Security forces imposed curfews Monday in Tilkaif and Hamdaniya, predominantly Christian towns near Mosul. Authorities also raised security around churches in Baghdad.
Bombs exploded outside several Christian churches in the capital Sunday, killing four people near one church in eastern Baghdad.
Islamist militants have staged sporadic attacks on Iraq's small Christian minority in recent years. Thousands of Iraqi Christians fled their homes in the northern Iraqi city of Mosul last year following a series of attacks.
In other news, the top U.S. military officer arrived in the northern city of Kirkuk Monday on a previously unannounced visit.
The chairman of the Joint Chiefs of Staff, Navy Admiral Michael Mullen, is meeting with Iraqi officials in the oil-rich city where ethnic and sectarian tensions are high.
Kurds want to make Kirkuk the capital of their largely autonomous region, but Arabs object.
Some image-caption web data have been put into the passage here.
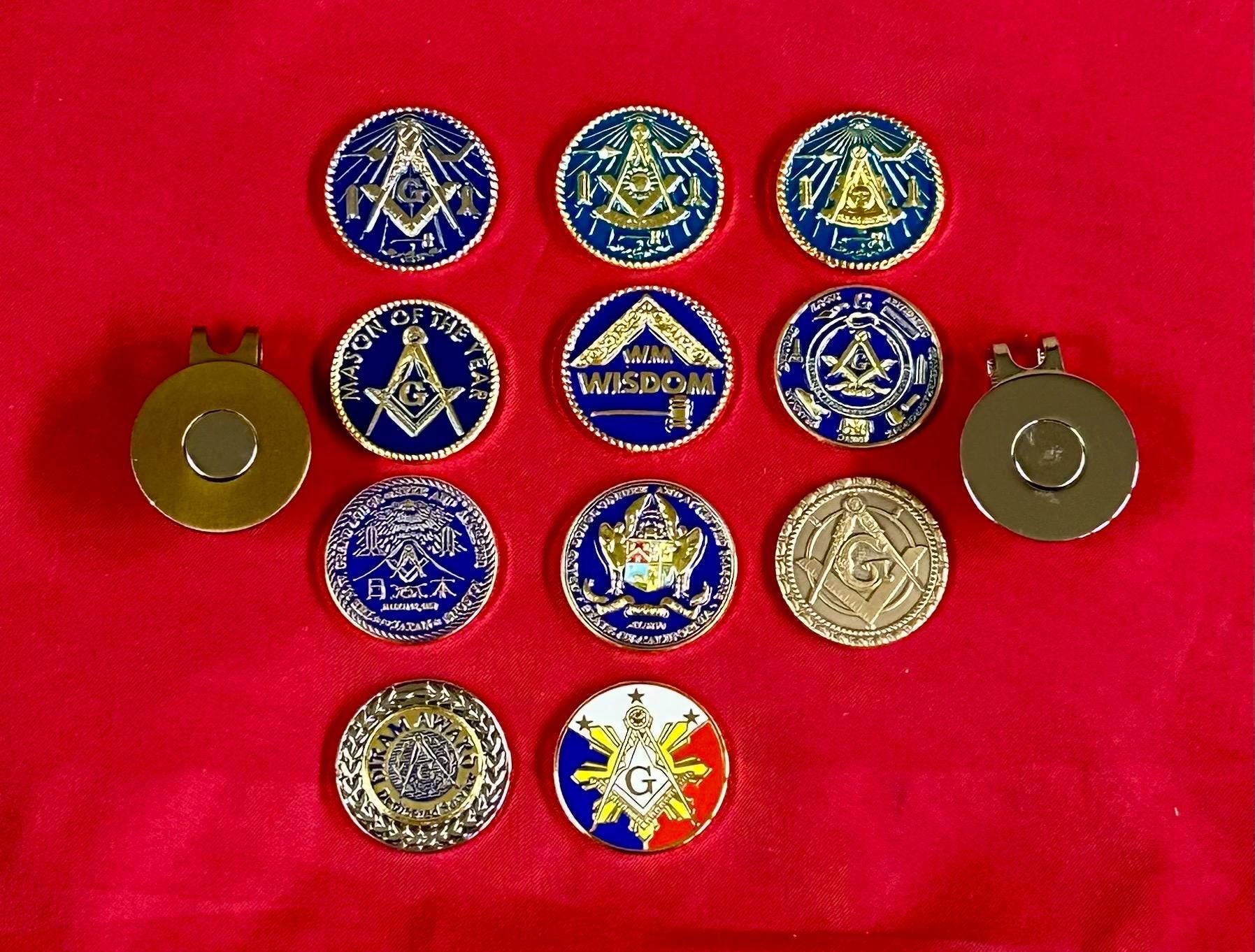 Masonic Magnetic Golf Ball Marker With Ball Cap Clip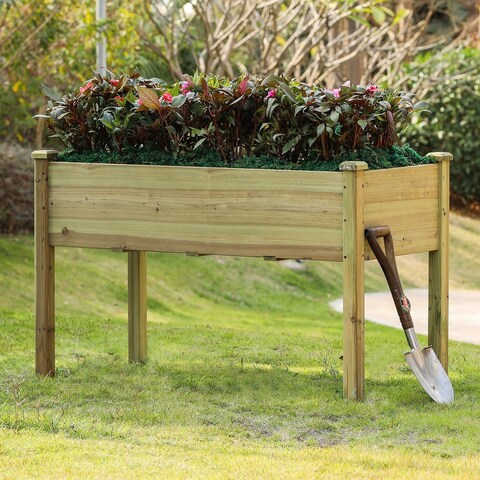 48in Wood Rectangular Raised Garden Planter, Natural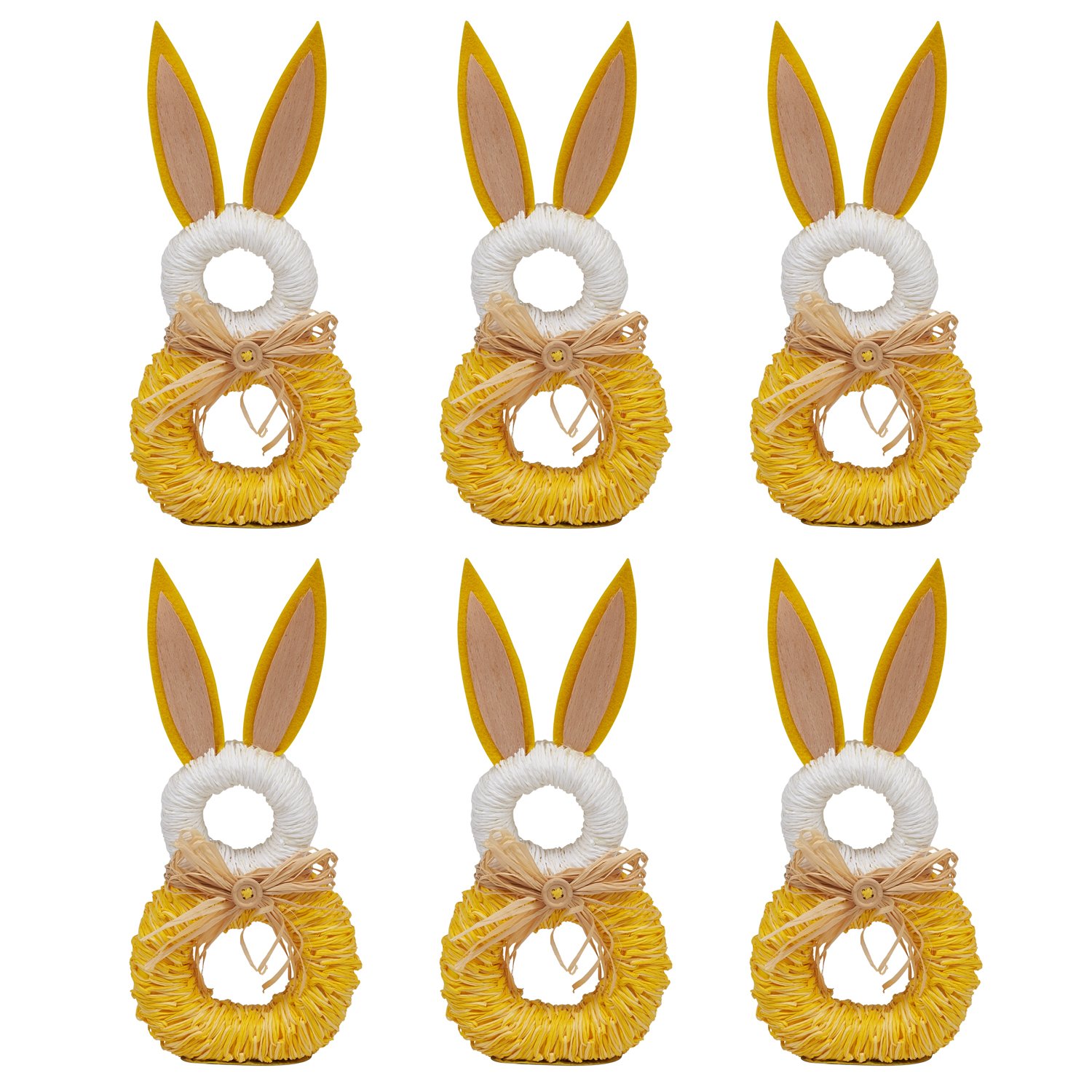 DII Lot de 6 Ronds de Serviette, pour Le Printemps, Les dîners, Les fêtes ou pour Un Usage Quotidien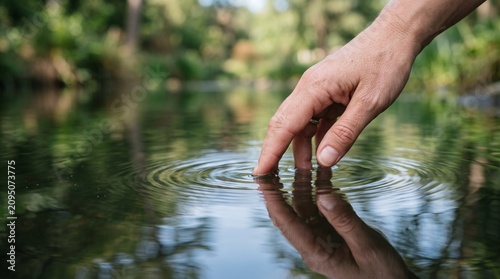 Hand touching calm lake water surface creating ripples in nature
In violence Monday, police in Mosul say an Iraqi soldier was killed when a bomb attached to a car exploded.
On Sunday, a bomb exploded in Iraq near a convoy of vehicles transporting U.S. Ambassador Christopher Hill. No one was injured in the attack.
Violence has declined in most of Iraq in recent months, but militants continue to stage attacks in northern Iraq and the capital, Baghdad.